REPUBLIKA.CO.ID,JAKARTA--Ketidakcermatan menuangkan hasil notulensi rapat pembahasan anggaran dalam UU APBN tidak hanya terjadi pada kasus kenaikan tarif listrik. Namun masalah ini juga terjadi pada pencapaian target kemiskinan dan pengangguran.
Anggota Komisi XI DPR, Dolfie OFP, mengatakan sebelumnya Komisi XI dan pemerintah menyepakati bahwa pertumbuhan ekonomi harus berkualitas sehingga berdampak pada pengurangan kemiskinan dan pengangguran. Dalam pencapaian target pertumbuhan sebesar 6,4 persen, angka yang disepakati untuk pengurangan kemiskinan 11,5-12,5 persen sementara satu persen pertumbuhan ekonomi ditargetkan mampu menciptakan 400 ribu lapangan kerja baru.
Namun kenyataaannya target kemiskinan dan pengangguran itu tidak dimasukan dalam batang tubuh APBN. "Ada kasus lain, yaitu substansi penambahan yang tidak dicantumkan. Pembahasan di Komisi XI DPR menyepakati tambahan substansi tentang pertumbuhan yang berkualitas, tetapi belum dicantumkan," tegasnya.
Menurut Anggota Komisi XI lainnya, Arif Budimanta, APBN tidak akan konsisten dengan tujuannya jika tidak disertai pengurangan kemiskinan dan penciptaan lapangan kerja.
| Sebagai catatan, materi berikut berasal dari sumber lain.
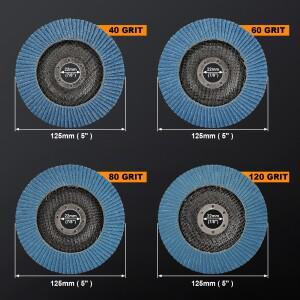 5개입 5인치 플랩 디스크 125mm 연마 앵글 그라인더 샌딩 금속 목재 디버링 폴리싱용
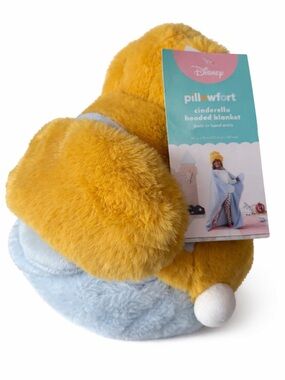 Disney Cinderella Hooded Blanket in Yellow and Light Blue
Bagaimanapun, anggaran negara merupakan salah satu instrumen penting dalam perekonomian.
Rapat paripurna akhirnya sepakat untuk mengakomodasi berbagai masukan tersebut. "Pasal 8 (2) b itu di-delete, di-drop, disetip, pokoknya begitu. Kemudian untuk norma-norma mengenai kemiskinan dan penciptaan lapangan kerja disisipkan dalam batang tubuh," kata Wakil Ketua DPR Priyo Budi Santoso.